Date: Mon, 20 Jan 2003 18:53:24
Thanks to everyone who has so carefully and thoughtfully laid out the issues to be weighed here. I won’t waste time repeating things already so well said, but would like to throw in my two cents. I should say first that I am not at all inclined to advocate silencing a particular politics. On the contrary, I am committed to the view that all voices, however controversial, must be given a space and, equally, must be engaged by those of us who might have a response (critical or otherwise) to offer. I would not, therefore, advocate withdrawing YCISS support of the Pipes lecture on the basis of what he has to say.

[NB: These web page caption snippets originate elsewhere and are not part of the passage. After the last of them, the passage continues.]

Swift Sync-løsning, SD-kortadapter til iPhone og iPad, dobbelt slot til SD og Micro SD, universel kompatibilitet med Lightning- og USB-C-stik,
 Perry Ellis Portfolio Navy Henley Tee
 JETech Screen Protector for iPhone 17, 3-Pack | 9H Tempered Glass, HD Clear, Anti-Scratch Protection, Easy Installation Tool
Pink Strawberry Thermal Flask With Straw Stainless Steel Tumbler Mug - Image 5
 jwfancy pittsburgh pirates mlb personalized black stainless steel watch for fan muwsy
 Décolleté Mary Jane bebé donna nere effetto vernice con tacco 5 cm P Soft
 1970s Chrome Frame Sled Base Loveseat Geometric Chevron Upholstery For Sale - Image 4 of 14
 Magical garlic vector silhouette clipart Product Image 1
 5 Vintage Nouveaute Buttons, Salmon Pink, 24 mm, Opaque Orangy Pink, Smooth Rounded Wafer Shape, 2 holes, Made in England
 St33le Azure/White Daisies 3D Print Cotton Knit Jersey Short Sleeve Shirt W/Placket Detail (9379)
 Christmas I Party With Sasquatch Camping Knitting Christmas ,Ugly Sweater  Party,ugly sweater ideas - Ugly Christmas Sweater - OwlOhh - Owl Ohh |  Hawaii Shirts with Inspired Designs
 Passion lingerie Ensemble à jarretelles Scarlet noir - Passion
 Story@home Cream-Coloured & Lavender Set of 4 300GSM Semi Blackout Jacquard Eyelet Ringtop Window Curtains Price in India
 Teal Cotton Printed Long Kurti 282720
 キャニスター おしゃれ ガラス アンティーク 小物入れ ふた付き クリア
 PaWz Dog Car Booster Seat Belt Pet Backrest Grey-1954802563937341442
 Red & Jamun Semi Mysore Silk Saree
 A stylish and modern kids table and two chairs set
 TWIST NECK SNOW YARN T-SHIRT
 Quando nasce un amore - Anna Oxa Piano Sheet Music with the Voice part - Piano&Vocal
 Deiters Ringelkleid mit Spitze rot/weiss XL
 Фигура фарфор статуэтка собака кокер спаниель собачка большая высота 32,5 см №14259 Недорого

That said, I think that the issue at stake here is the safeguarding of a collegium that will admit of all voices no matter how unpopular they might be. This is possible only when people can feel safe in raising ideas and perspectives; when they needn’t worry about undue consequences of speaking up. In my opinion Campus Watch is a real danger in this regard. Though I would agree with XXX that there is nothing on the Campus Watch website that is properly McCarthyite, I nevertheless feel XXX’s uneasiness about the way particular people are being singled out for their views in this forum—and I read reports that at least some of them have suffered consequences as a result. Were I to fear that I might be subject to some of the same, I dare say I might be a little more reluctant to present certain perspectives in my lectures, notwithstanding that I try always to offer as full a range as possible. In spite of any disclaimer to the contrary, the effects of Campus Watch’s activities seem clear—and, giving the benefit of the doubt, if they weren’t anticipated they should certainly be well understood by now. In my opinion (and, of course, I’m rather better insulated from any potential fallout than most of you) YCISS support for the Pipes lecture ought to be withdrawn—not because of what he might
have to say but because, contrary to the spirit of the collegium, he is involved in practices
which seem in effect even if not in design (again, giving the benefit of the doubt) to threaten the free exchange and contestation of ideas by making it difficult for certain voices to be raised. To give the stamp of legitimacy to this by now making space for Daniel Pipes’ voice also seems to me to be contrary to the spirit and the interests of the collegium. I am given pause to imagine how any one of us might deal with a student who willfully engaged in conduct that had the effect of silencing others of our students through intimidation—I certainly would not feel as though I was in violation of my commitment to free speech as I expelled the offending student from my class.
Meetings
YCISS held two meetings of its members on Monday, 20 January and Wednesday, 22 January to further discuss the co-sponsorship of the Daniel Pipes’ seminar scheduled for 28 January 2003. A consensus was reached at the last meeting and the following note was widely circulated:
Date: Wed, 22 Jan 2003 13:54:48
The York Centre for International and Security Studies has withdrawn its co-sponsorship of the upcoming lecture by Daniel Pipes. At the time the decision to co-sponsor the event was made, the Centre was unaware of Mr. Pipes’ links to Campus Watch. The Centre will continue to sponsor presentations by academics, experts, and policy-makers in
all fields relevant to the Centre’s mandate who are willing to support and engage in scholarly openness and debate. For those interested in the range and intensity of the extensive internal debate at YCISS on this issue, material will be available on the Centre’s website as of this Monday, January 27th.